The task: Nothing but the lines from the one with "Kemping, Červený Kláštor" down to the one with "Tennessee Volunteers lady" should be returned, exactly and with both ends included, from the material below.

Exercise data:
------------------------------
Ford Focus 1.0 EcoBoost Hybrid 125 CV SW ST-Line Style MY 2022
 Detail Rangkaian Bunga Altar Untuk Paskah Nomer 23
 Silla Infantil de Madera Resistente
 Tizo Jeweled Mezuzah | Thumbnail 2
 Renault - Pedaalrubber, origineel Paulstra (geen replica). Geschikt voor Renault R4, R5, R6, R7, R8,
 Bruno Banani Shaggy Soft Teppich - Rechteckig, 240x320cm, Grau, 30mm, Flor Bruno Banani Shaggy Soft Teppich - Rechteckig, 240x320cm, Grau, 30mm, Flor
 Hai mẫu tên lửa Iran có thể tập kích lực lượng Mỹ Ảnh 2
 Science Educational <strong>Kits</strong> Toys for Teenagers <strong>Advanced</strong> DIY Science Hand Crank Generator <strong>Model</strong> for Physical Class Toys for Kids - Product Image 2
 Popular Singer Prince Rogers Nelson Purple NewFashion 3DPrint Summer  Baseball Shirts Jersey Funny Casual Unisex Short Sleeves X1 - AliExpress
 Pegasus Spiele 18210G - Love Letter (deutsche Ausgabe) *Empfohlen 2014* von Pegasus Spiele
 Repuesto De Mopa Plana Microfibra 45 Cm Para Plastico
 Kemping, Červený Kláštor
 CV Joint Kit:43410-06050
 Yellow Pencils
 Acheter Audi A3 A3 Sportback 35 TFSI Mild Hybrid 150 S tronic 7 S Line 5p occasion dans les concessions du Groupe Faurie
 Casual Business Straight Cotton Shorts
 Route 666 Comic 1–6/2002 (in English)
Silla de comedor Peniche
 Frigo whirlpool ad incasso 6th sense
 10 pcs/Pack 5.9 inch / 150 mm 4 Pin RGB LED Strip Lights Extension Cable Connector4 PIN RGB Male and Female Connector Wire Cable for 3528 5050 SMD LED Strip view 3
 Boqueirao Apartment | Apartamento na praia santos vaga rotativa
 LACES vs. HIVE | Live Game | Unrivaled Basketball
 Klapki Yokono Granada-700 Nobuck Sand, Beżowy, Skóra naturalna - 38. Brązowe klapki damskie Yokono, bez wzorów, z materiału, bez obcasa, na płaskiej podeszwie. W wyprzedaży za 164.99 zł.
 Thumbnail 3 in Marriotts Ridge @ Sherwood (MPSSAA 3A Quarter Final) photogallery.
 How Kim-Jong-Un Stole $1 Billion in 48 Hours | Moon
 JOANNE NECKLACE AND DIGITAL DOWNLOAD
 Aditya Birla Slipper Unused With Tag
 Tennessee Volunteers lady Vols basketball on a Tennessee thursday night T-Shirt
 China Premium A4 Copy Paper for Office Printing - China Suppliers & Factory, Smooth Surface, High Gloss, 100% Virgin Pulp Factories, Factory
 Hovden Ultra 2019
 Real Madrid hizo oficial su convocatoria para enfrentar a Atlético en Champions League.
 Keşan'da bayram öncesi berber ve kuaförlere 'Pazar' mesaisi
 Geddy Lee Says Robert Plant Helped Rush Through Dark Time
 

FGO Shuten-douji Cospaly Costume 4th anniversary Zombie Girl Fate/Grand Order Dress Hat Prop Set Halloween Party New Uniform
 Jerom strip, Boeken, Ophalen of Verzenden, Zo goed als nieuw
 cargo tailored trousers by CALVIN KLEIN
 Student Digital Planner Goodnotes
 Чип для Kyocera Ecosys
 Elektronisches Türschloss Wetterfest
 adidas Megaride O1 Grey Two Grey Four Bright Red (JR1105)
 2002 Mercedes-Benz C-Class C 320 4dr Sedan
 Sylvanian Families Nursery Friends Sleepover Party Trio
------------------------------
Your response:
 Kemping, Červený Kláštor
 CV Joint Kit:43410-06050
 Yellow Pencils
 Acheter Audi A3 A3 Sportback 35 TFSI Mild Hybrid 150 S tronic 7 S Line 5p occasion dans les concessions du Groupe Faurie
 Casual Business Straight Cotton Shorts
 Route 666 Comic 1–6/2002 (in English)
Silla de comedor Peniche
 Frigo whirlpool ad incasso 6th sense
 10 pcs/Pack 5.9 inch / 150 mm 4 Pin RGB LED Strip Lights Extension Cable Connector4 PIN RGB Male and Female Connector Wire Cable for 3528 5050 SMD LED Strip view 3
 Boqueirao Apartment | Apartamento na praia santos vaga rotativa
 LACES vs. HIVE | Live Game | Unrivaled Basketball
 Klapki Yokono Granada-700 Nobuck Sand, Beżowy, Skóra naturalna - 38. Brązowe klapki damskie Yokono, bez wzorów, z materiału, bez obcasa, na płaskiej podeszwie. W wyprzedaży za 164.99 zł.
 Thumbnail 3 in Marriotts Ridge @ Sherwood (MPSSAA 3A Quarter Final) photogallery.
 How Kim-Jong-Un Stole $1 Billion in 48 Hours | Moon
 JOANNE NECKLACE AND DIGITAL DOWNLOAD
 Aditya Birla Slipper Unused With Tag
 Tennessee Volunteers lady Vols basketball on a Tennessee thursday night T-Shirt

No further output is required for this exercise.